Mais heureusement, l'accusation était tellement sûre de son fait, qu'elle ne s'est même pas donné la peine de traduire la totalité des enregistrements.

Comme je ne pouvais pas obtenir une réponse des avocats de Limonov, à propos de ce qu'ils voulaient obtenir de moi sur le banc des témoins, j'ai demandé à mon avocat ce qu'il en pensait  :

"N'y allez surtout pas. C'est beaucoup trop risqué. La défense de Limonov est désespérée. Ils veulent impliquer un américain. Leur stratégie est de vous faire poursuivre, pour ensuite médiatiser le procés au niveau international. Limonov va passer le reste de sa vie en prison : il a déja 60 ans. Je ne peux pas vous dire ce qu'il faut faire, Mark, mais mon conseil est de ne pas y aller, et d'arrêter de prendre les avocats au téléphone"

 

Quelques jours plus tard, la télévision russe a diffusé un grand reportage bien vicieux sur Limonov...

                   LA VIDEO DU REPORTAGE, ICI :

http://www.tout-sur-limonov.fr/334947298

 

 Dans ce reportage, Limonov était dépeint comme un terroriste bolchévique particulièrement dangereux et violent. Et, ce qui m'a fait dresser les cheveux sur la tête, le journaliste affirmait :

"Une partie de l'argent récolté par Limonov  pour sa révolution armée venait d'une source américaine anonyme".

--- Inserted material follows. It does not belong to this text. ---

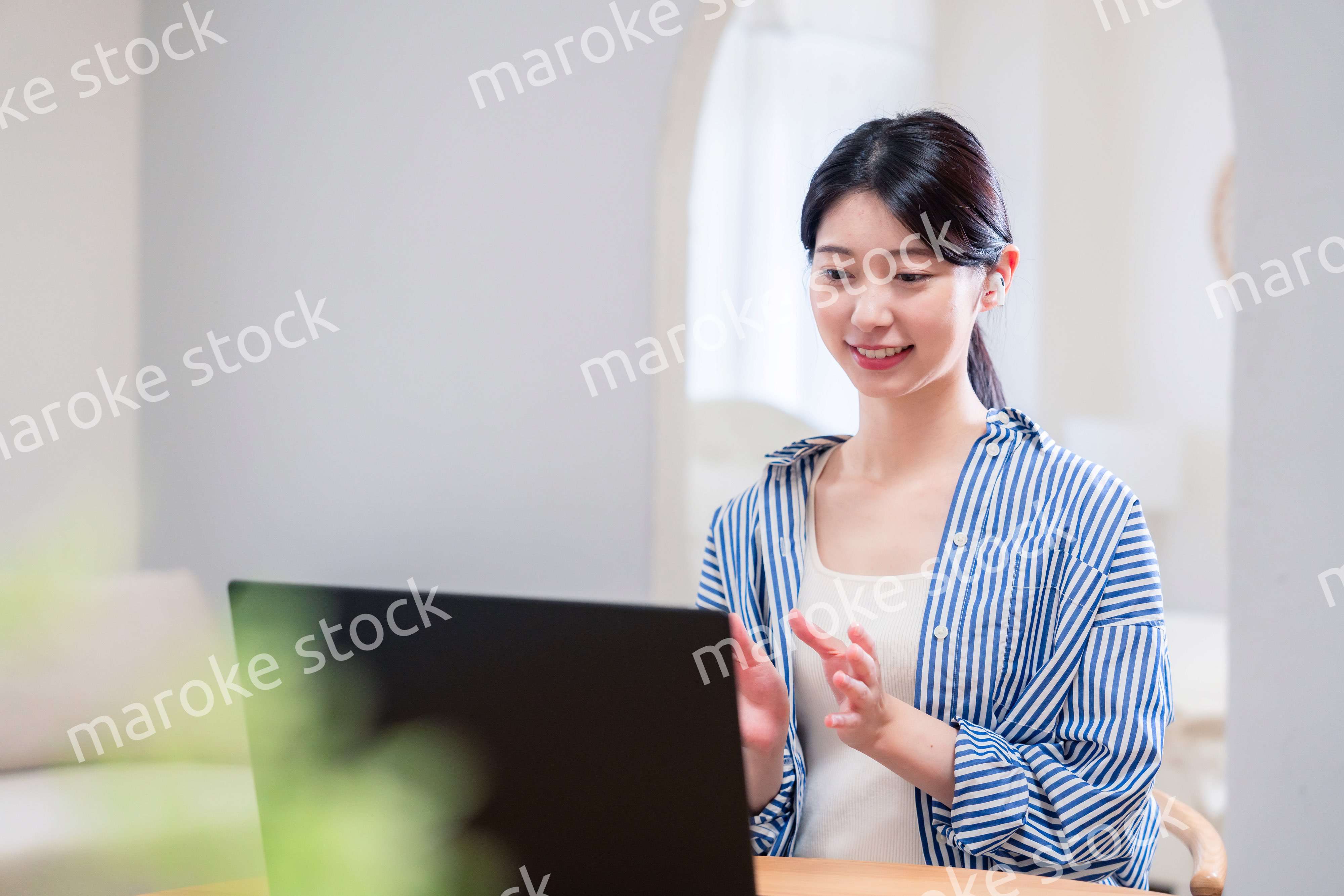 在宅でリモート会議に参加する若い女性社員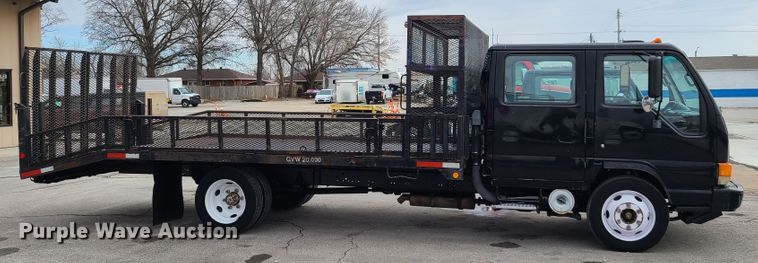 image for item IA9284 2005 Isuzu NQR  CrewCab flatbed truck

On entendait alors une écoute téléphonique de Limonov, ou il disait à un membre du parti national-bolchévique :

"J'ai même un ami américain qui nous donne de l'argent pour notre révolution".

Mon nom n'a pas été cité, mais Limonov n'avait pas beaucoup d'amis américains. Et je le payais régulièrement pour ses chroniques dans "The eXile".

 


Ses avocats essayaient peut-être de m'entrainer à Saratov dans un piège mortel. Qui sait tout ce que j'avais pû raconter dans nos conversations du dimanche .. j'étais parfois dans un état second.  

  C'est alors que j'ai voulu avoir l'avis de mon ami Vassia , qui était alors le responsable juridique de la plus grande compagnie pétrolière russe, Ioukos, dont le président était encore Mikhail Khodorkovsky.     

[[[[ Dans cet article, Mark Ames raconte également l'histoire tragique de Vassia, emprisonné à la suite de Khodorkovsky, et mort du Sida , quelques années après. ]]]]

 

La dernière fois que je m'étais trouvé dans une affaire difficile, les conseils de Vassia m'avaient été trés utiles. Il m'avait expliqué tout ce que je devais faire pour ne pas être victime d'un "accident" que préparait le gang mafieux Orekhovo-Borisovo. Inutile de dire que j'ai suivi ses conseils à la lettre.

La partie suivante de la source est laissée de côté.